### To do
Reproduce each line of the data exactly as it is.

### Data segment
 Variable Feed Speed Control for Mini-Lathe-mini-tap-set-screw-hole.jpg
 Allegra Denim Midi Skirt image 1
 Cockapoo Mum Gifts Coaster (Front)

### Exercise answer
 Variable Feed Speed Control for Mini-Lathe-mini-tap-set-screw-hole.jpg
 Allegra Denim Midi Skirt image 1
 Cockapoo Mum Gifts Coaster (Front)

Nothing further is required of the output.